--- HOW TO COMPLETE THIS TASK ---
Write out, from the entries below, exactly the lines that run between the lines holding "meravigliosi cuccioli di" and "2024年の新アコースティックギター | Taylor Guitars", inclusive, and stop there.

--- DATA SHOWN ---

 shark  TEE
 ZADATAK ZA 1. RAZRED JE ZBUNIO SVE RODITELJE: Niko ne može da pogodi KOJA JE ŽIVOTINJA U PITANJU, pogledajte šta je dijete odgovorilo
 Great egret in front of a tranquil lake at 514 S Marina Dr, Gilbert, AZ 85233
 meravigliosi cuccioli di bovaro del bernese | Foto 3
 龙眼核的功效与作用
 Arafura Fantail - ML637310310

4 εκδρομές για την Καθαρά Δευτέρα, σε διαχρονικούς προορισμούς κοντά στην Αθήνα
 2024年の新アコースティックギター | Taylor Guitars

...

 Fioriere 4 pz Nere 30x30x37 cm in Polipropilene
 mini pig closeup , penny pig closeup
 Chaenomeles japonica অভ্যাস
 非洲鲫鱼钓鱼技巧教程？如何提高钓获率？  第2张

--- ANSWER TO THIS PROBLEM ---
 meravigliosi cuccioli di bovaro del bernese | Foto 3
 龙眼核的功效与作用
 Arafura Fantail - ML637310310

4 εκδρομές για την Καθαρά Δευτέρα, σε διαχρονικούς προορισμούς κοντά στην Αθήνα
 2024年の新アコースティックギター | Taylor Guitars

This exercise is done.